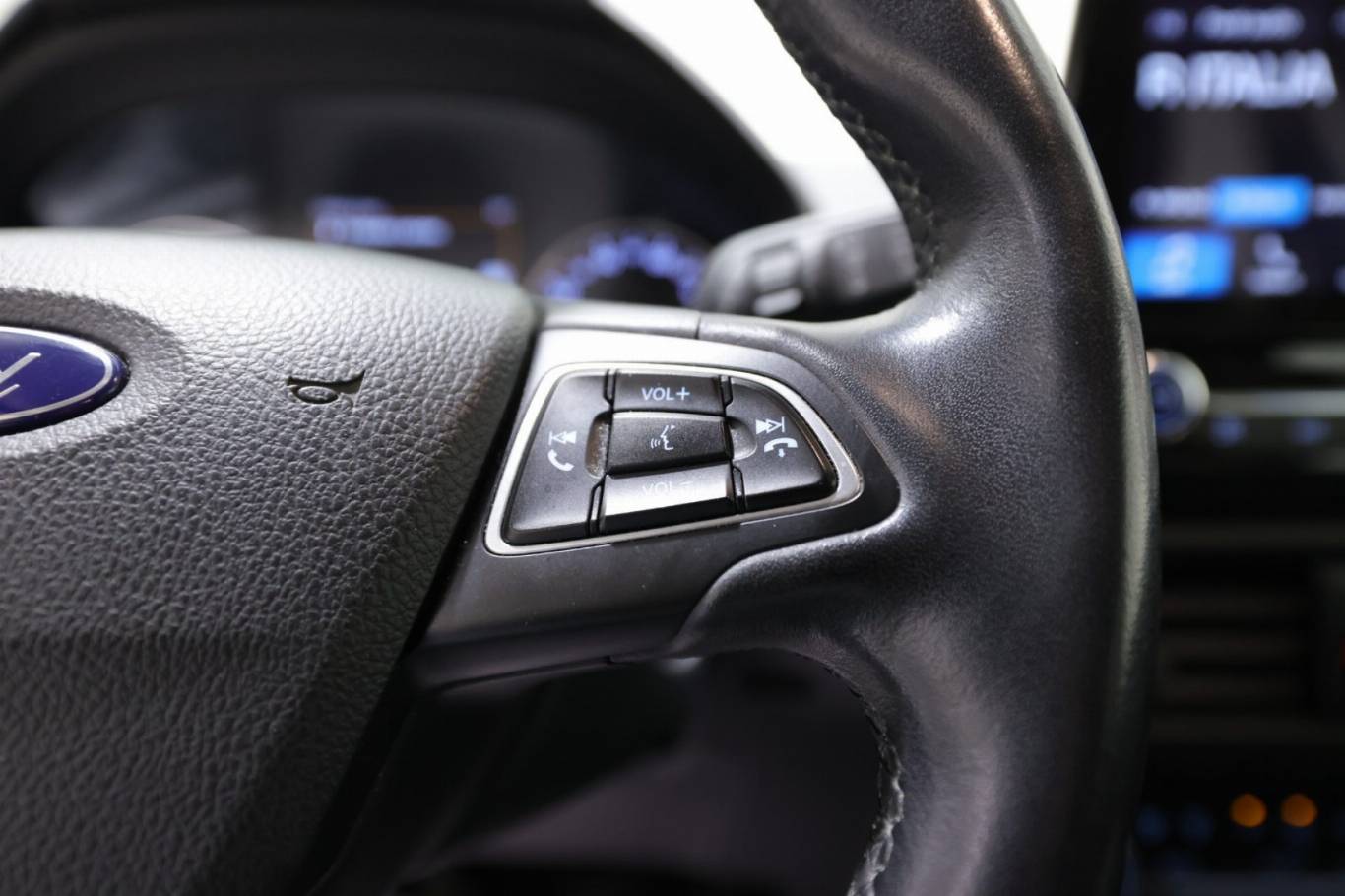 FORD EcoSport 22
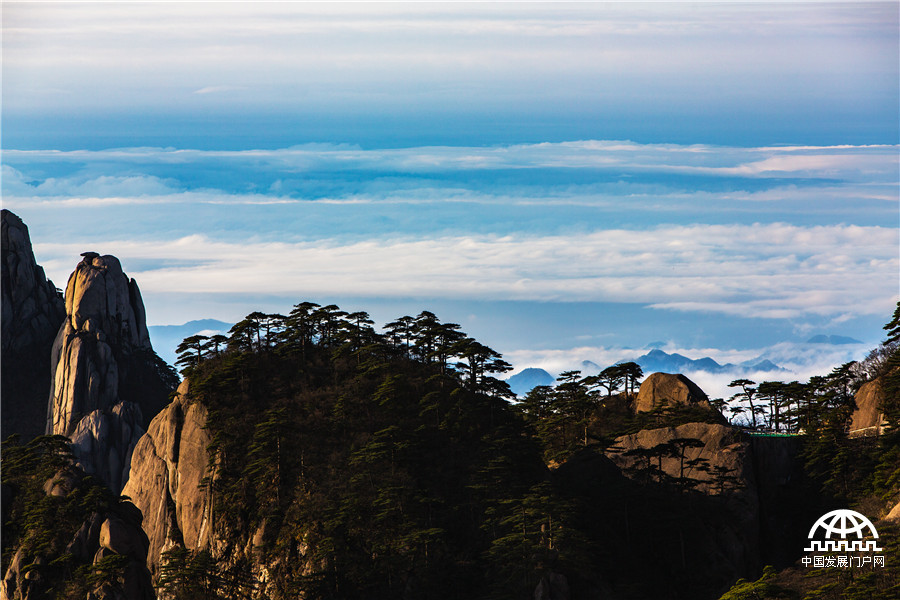黄山风景区万里云海波涛滚滚 游客热血沸腾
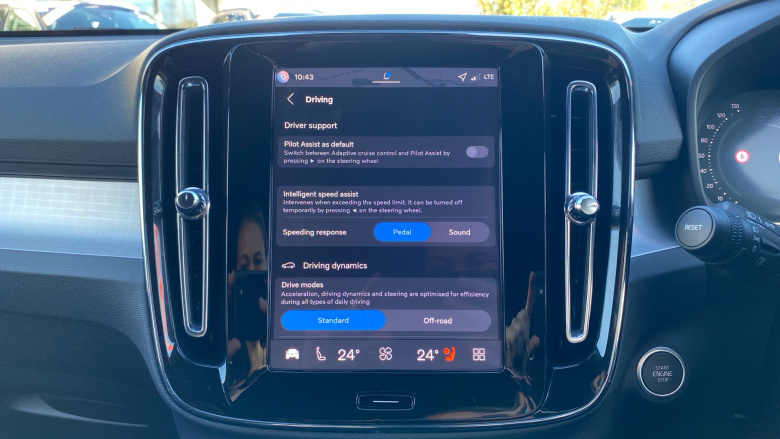 Volvo XC40 2.0 B3P Plus Black Edition 5dr Auto Petrol Estate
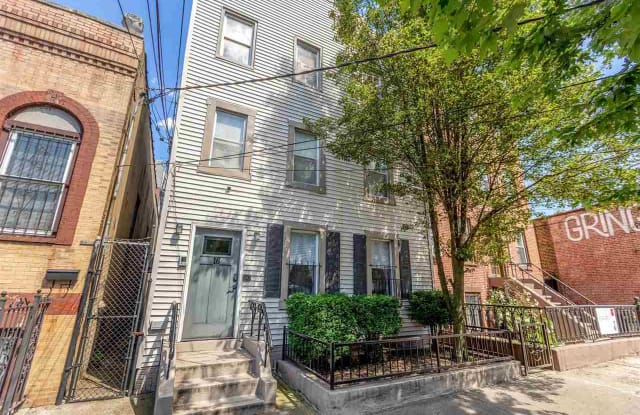 16 COLES ST - 16 Coles Street, Jersey City, NJ 07302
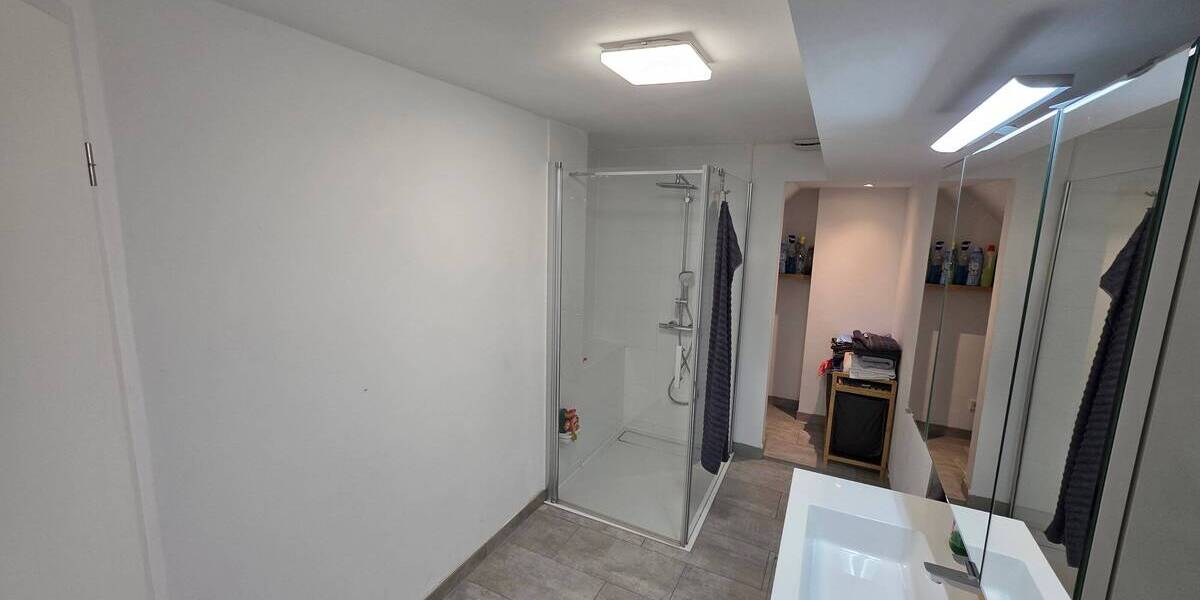 Doppelhaushälfte + Mehrfamilienhaus in 42549 Velbert 9 zimmer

### Exercise goal:
From the first line to the last, set down the records exactly, leaving out images.

### Result of this exercise:
 FORD EcoSport 22
黄山风景区万里云海波涛滚滚 游客热血沸腾
 Volvo XC40 2.0 B3P Plus Black Edition 5dr Auto Petrol Estate
 16 COLES ST - 16 Coles Street, Jersey City, NJ 07302
 Doppelhaushälfte + Mehrfamilienhaus in 42549 Velbert 9 zimmer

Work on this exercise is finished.